What the task requires: Work through the data below and give the number of lines holding "mountain", nothing more.

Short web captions
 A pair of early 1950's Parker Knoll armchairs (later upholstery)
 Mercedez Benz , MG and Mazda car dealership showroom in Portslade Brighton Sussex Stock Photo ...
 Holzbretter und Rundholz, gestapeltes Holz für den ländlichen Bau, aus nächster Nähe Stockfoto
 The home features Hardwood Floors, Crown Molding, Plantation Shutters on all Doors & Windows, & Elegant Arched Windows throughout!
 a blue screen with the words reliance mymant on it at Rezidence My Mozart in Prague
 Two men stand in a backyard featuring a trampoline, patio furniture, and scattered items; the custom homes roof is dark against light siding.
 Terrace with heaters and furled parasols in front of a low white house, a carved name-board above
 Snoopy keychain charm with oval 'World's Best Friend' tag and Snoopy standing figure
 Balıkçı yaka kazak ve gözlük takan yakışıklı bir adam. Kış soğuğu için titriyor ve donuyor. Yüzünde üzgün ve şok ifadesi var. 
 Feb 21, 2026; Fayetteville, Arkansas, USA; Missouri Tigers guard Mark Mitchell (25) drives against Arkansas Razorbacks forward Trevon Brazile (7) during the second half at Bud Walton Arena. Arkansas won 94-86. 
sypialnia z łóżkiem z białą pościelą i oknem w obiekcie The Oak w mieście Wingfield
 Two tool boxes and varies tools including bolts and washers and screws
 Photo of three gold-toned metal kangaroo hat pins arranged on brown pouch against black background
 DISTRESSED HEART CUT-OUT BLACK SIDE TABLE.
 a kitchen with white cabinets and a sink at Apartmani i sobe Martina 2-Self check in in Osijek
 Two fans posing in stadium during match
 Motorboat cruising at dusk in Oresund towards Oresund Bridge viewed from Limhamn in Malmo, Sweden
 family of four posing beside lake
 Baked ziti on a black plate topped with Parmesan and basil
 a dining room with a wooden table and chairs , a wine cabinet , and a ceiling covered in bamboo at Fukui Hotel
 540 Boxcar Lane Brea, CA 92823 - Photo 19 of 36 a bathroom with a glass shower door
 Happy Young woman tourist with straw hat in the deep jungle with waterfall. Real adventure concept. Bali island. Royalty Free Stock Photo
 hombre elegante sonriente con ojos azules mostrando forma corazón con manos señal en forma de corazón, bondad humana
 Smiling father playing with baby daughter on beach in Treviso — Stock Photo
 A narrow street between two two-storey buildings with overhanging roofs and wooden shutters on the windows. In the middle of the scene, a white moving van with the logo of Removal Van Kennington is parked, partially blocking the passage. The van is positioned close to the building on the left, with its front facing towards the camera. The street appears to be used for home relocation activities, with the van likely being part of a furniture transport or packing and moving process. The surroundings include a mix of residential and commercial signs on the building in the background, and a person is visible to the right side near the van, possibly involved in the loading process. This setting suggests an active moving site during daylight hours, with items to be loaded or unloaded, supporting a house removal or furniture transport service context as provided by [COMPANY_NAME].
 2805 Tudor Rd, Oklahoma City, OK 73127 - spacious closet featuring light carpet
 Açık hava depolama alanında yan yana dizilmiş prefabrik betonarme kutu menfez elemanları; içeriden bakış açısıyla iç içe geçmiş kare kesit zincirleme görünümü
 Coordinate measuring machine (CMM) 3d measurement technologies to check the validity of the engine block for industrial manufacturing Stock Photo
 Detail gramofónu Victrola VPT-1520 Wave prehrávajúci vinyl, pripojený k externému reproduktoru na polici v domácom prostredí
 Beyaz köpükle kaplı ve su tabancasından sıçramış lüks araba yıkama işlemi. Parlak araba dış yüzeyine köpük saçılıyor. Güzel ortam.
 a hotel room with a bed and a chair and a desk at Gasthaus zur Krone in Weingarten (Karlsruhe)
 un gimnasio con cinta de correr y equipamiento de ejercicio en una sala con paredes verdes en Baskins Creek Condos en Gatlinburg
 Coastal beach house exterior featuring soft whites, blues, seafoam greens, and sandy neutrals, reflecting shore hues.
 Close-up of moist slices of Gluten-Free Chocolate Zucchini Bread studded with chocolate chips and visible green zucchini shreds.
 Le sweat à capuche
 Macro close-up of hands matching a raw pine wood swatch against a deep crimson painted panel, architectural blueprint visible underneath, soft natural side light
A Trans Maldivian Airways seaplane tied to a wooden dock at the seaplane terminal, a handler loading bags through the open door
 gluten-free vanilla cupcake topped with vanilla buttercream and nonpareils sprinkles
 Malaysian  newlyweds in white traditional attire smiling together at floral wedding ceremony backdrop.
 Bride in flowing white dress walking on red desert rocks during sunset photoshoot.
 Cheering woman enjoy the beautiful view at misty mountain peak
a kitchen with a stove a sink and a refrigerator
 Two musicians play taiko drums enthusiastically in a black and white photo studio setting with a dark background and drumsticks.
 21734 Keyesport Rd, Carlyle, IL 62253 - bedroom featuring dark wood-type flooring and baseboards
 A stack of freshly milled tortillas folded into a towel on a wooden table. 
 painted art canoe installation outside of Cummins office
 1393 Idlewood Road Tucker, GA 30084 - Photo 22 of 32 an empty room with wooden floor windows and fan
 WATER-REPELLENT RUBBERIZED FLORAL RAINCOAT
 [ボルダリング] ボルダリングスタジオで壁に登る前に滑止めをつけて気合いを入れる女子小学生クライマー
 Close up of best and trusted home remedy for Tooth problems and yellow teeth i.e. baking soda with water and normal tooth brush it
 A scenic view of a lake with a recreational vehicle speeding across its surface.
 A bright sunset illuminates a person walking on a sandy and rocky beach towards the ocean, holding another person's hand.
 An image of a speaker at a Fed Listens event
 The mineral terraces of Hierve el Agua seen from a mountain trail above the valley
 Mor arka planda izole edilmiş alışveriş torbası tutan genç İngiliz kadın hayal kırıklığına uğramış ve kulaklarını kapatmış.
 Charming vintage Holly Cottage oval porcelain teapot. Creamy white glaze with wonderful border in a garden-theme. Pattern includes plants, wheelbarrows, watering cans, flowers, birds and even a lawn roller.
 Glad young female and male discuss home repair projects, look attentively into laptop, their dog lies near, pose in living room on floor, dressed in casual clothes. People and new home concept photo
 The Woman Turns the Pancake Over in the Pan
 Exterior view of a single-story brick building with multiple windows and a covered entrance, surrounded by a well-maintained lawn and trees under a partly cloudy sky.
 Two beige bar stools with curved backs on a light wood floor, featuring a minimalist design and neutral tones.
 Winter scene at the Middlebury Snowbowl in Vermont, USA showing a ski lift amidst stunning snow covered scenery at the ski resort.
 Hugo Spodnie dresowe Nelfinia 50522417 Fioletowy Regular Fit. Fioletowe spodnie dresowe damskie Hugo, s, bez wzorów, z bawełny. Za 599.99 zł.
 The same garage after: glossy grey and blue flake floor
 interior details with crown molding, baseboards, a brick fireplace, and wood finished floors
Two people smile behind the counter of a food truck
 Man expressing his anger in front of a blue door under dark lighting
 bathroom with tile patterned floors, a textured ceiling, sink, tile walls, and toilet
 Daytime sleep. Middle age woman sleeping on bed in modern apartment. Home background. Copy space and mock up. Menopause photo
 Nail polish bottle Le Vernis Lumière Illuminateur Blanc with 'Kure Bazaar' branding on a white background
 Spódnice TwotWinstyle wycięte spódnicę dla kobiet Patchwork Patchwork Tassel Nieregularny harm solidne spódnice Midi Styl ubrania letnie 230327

Written solution: 2